His next failure came on the biggest stage of all, the stage he'd been expected to excel in. The Olympics. He was the face of his team, a team Russia that dramatically under achieved in Vancouver. His numbers in the games were disappointing at best. Only two goals and two assists in four games (the majority coming against a hapless Latvia).
His disappointing performance was led by an embarrassing 7-3 defeat at the hands of Team Canada. Once again he found himself on the wrong end of a hand shake with Sidney Crosby, who also proved his superior by scoring the OT game winner to win the Gold for Canada.
As if that weren't embarrassing enough, a video shows him shoving a camera person out of the way while in Vancouver. This person happens to be a woman. Who came to Vancouver from Russia. To see Ovechkin play. The woman was left with bruises from the incident.
Finally, the latest incident. As Brian Campbell skated in his own end gathering the puck to shoot it along the boards, Ovechkin, in his thoughtless way, skated in behind him. Campbell rid himself of the puck and Ovechkin didn't notice or didn't care, giving Campbell a powerful shove from behind.
Campbell goes flying into the boards, defenseless from a cheap shot he didn't see coming. The results? For Campbell they are broken ribs, broken collar bone, grade two concussion. A lost season. For Ovechkin they are an ejection and it looks like that's about it.

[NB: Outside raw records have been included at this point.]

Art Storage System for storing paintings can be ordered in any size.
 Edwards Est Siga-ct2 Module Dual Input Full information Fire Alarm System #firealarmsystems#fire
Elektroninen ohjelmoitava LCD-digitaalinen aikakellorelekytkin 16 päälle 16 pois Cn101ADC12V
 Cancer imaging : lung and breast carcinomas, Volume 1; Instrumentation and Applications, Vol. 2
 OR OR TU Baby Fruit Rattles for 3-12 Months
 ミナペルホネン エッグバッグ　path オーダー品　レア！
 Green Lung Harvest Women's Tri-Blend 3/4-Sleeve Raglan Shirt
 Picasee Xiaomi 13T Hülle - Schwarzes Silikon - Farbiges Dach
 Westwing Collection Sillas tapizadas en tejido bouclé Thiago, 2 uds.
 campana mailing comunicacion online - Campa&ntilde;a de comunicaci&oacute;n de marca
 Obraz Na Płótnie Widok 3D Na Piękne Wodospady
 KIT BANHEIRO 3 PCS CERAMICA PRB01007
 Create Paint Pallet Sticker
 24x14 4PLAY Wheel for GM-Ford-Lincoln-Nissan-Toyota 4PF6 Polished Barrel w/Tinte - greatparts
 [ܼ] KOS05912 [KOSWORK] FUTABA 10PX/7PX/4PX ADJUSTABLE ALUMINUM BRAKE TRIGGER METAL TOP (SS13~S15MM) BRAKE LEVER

The most sickening thing about the broadcast crew on NBC was not just their continued praise of Ovechkin for his passion and hard play after the hit, it was their defending of the play in saying that the refs over reacted and that it was not a shot from behind.
This is all from the past year. His accusations of charging, kneeing, and boarding go back as far as his career in the NHL goes. The problem is that everyone was too busy watching him score pretty goals to notice. Now it seems people are taking notice. The shine is coming off of the MVP.
People will still love him and defend him for his "passion," "heart," "courage," and they will continue to ignore the worst of what he does. They'll gloss it over or pretend it doesn't exist. That's their right to do so. The intelligent hockey community will see what a cheap shot artist he is and his gloss will become much less shiny.
The unfortunate thing about Ovechkin's play is that he can be a very, very electrifying player. He has earned the praise he has received.
He also deserves far more scorn than he has received to date. It will catch up with him one day. He will slow down. His body won't be able to handle the abuse it takes and one day someone will get tired and go after him. They will take out his knee, board him, charge him, and he'll never be the same.
Karma will catch up to him eventually and it will pre-maturely end what could be a fantastic career. If he keeps playing like this, I won't be disappointed.